The Saints have been seeking some stability at the quarterback position since Drew Brees retired following the 2020 season. Neither Jameis Winston nor Andy Dalton did enough in 2022 to dissuade the front office from pursuing an upgrade, and Carr is optimistic that he can help the Saints compete for a playoff spot in 2023.
“There’s a lot of work and we have a tough division that we are going to have to compete against and we’re excited about the challenge,” he said.
Derek is an all-time raider. Was he the best, no. But he showed up day in and day out with all the garbage that went on around him. If they ever had a competent defense and a stable franchise around him, I really think he could have competed for a chip.
All that being said, the new regime deserves a guy who will follow their lead, and Derek deserves the right to play deep into December and January. I hope it works out for both of them. I also hope the guy can get the same head coach and play caller for more than a year or two.
Carr might not have been the best, but he was closer to that side of the spectrum than he was the other side. If we’re being unbiased and picking where to put blame on the Raiders’ lack of long lasting success during his tenure, I don’t think that we can put it on him.
The Adams signing, only to send Carr out the door immediately after, is a microcosm of how the Raiders inexplicably jumped from one position to the other during his career. You can only begin expecting greatness out of a good player when you as an organization offers stability in addition to sustained support. The Raiders not only changed coaches (we should note that Carr’s most successful season saw his coach canned immediately thereafter) innumerously, they also moved cities and fundamentally changed their offense repeatedly.
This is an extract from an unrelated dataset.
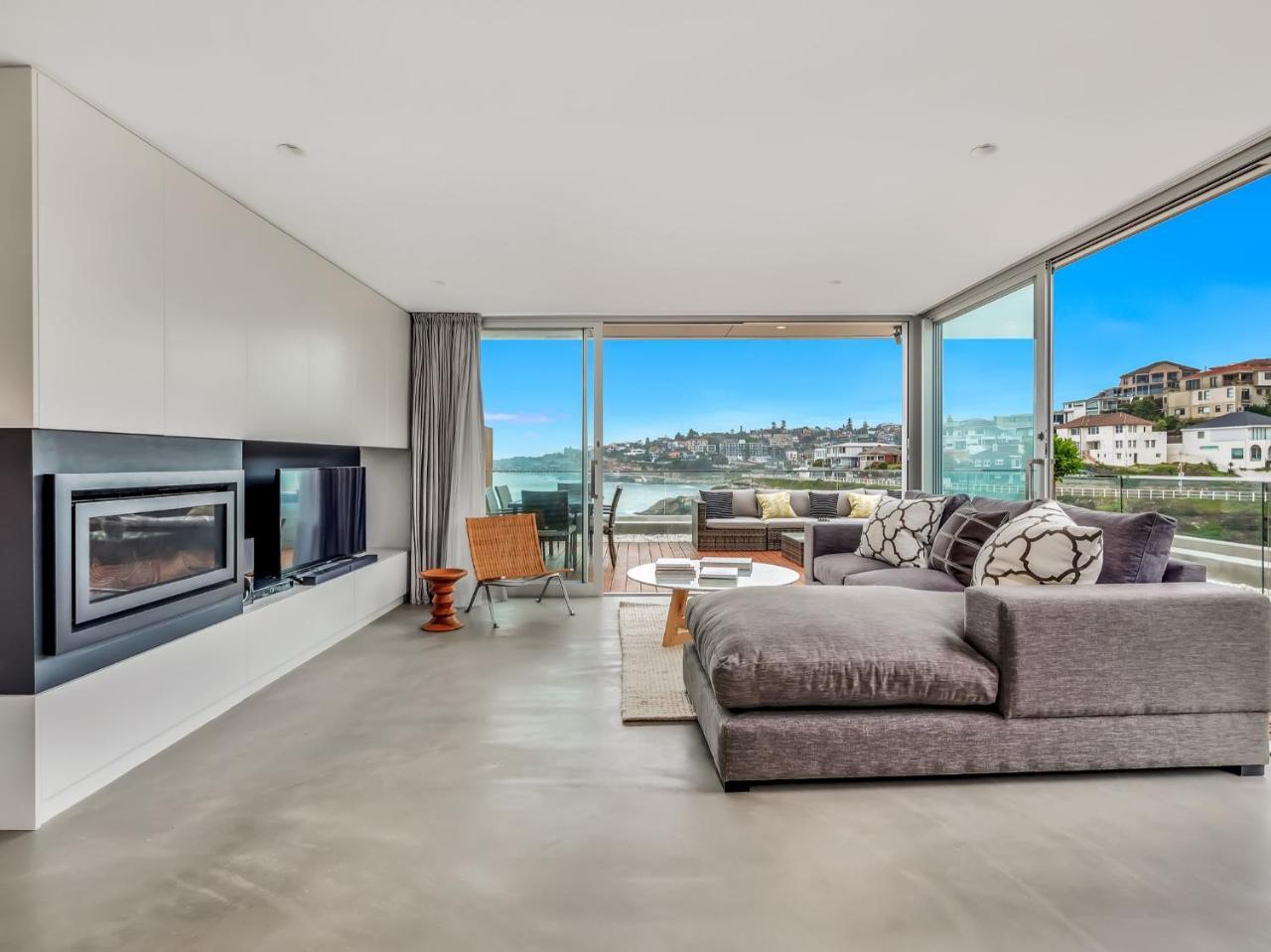 Tamarama Apartments シドニー エクステリア 写真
Carr might have learned more offenses with the Raiders alone than the Saints have fielded in twenty years.
This isn’t to say that Carr was perfect, but he put his heart into his product and came back every year to lead the team no matter what the Raiders decided. And, for the most part, he did a good job in comparison to players around the league. I don’t think that people realize how rare that is on a player.
Saints have a good defense. They have good tools on the offense so let’s see how well they do this year.
Good luck , but it was time to divorce. Thanks for being a good dude. Go raiders
He was ok. Slightly better than Carson Palmer. It’s actually unbelievable that he was the best QB since Gannon. That’s because he hasn’t played in 20 years.
He makes a great point about the number of coaches he has been through. The teams with the most wins in the NFL since 2010 have the most stable coaching situations. The Patriots, Chiefs, Steelers, and Seahawks are all in the top 5. The Raiders, Commanders, Jets, Browns, and Jaguars are in the bottom five. There is a lot to be said for choosing the right coach and then sticking with them.
It’s easy to spin statistics when you realize (1) Kansas City has had Andy Reid only since 2013 and (2) New England’s coach is on the level of Jeff Fisher.
Derek Carr is a Raider legend on the level of Lamonica, Stabler, Plunkett — that legend will only grow once he hangs up his hat.
The Raiders haven’t had a clue for a couple of decades.
Carr doesn’t seem like a bad guy, quite the opposite. However, the raiders have always been a mess, and he has this cousins like ability to choke in the biggest moments trying to do too much.
The situation looks better in NO(eh) but something tells me history will repeat itself.
Sidebar
Lol @ Adams for forcing a trade to of all places the Raiders.
Oof..talk about wasted talent.
Carr’s only actually played in one playoff game in his career, and they may have won if not for a bizarre and flat out terrible officiating error. I’m not sure that that’s enough to call him a choke artist.
Besides, it’s really just lazy analysis to blame the QB for a team’s record. The only QBs who ever get hit with that label are the ones who actually are good in reality. The bad ones usually don’t that dubious “honor”.
You don’t get to the playoffs being a mediocre qb..
The correlation between the most important player on the team(qb) and a team success(record) is stark.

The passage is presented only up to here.